I used Reef Movers and I've recommended then to a couple of colleagues one of whom has used them twice, second time was last week. I have no hesitation in recommending them.


----------



## Racing_Goats (Sep 5, 2015)

mac86 said:


> Hi guys,
> 
> Have used the movesouq website to find some removal companies (amazingly quick service!) and have received quotes from the following companies, wondering if anyone has any experience (good or more importantly bad!) of them?
> 
> ...


Pretty sure it was easy truck that used to give a free nkd pizza, we used them a couple years ago and they were good - no pizza in Abu Dhabi tho..
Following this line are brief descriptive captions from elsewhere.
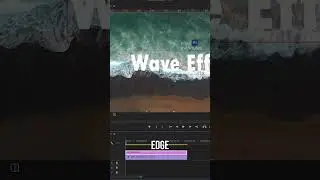 Create Cool Wave Text Animation in Premiere Pro in Under Minute 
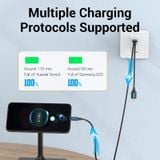  Cáp Sạc Nhanh Dual USB to Type C VENTION CQK (480Mbps, with Power Supply 3A) 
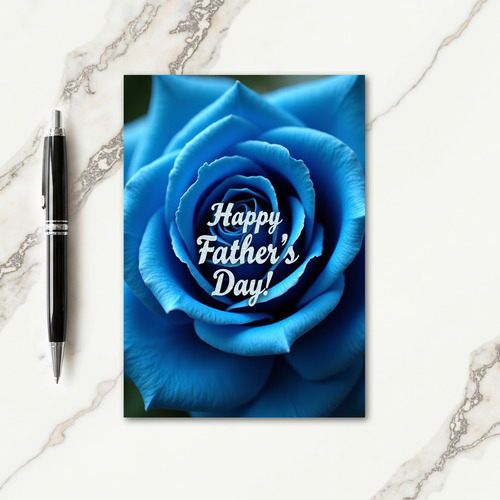 Sapphire Floral Fathers Day Card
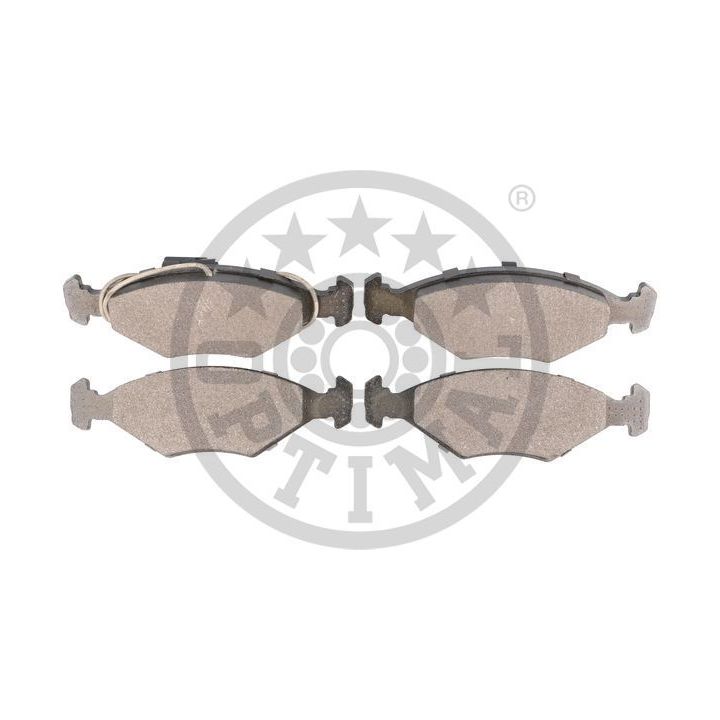 Stabdžių trinkelių rinkinys, diskinis stabdys OPTIMAL 12529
Also used Leader Relocations in the past for a container move to UK, no issues.


----------



## mac86 (Mar 14, 2013)

Thanks guys,

Think we will go for Twiga, Reef (Although some of their reviews on movesouq worry me) or Sana Movers.

Orbit quoted without seeing our stuff and Mr Move were supposed to survey but were over an hour late and when I text to ask why as they still had not arrived they allegedly had a "flat tyre" but hadn't thought to call and let me know... not what you want so I cancelled the survey. The other three seemed a lot more professional and in a buyers market you can be harsh ;-p


----------



## twowheelsgood (Feb 21, 2013)

I've used e-movers and Writer relocations for international shipping and been happy each time.


----------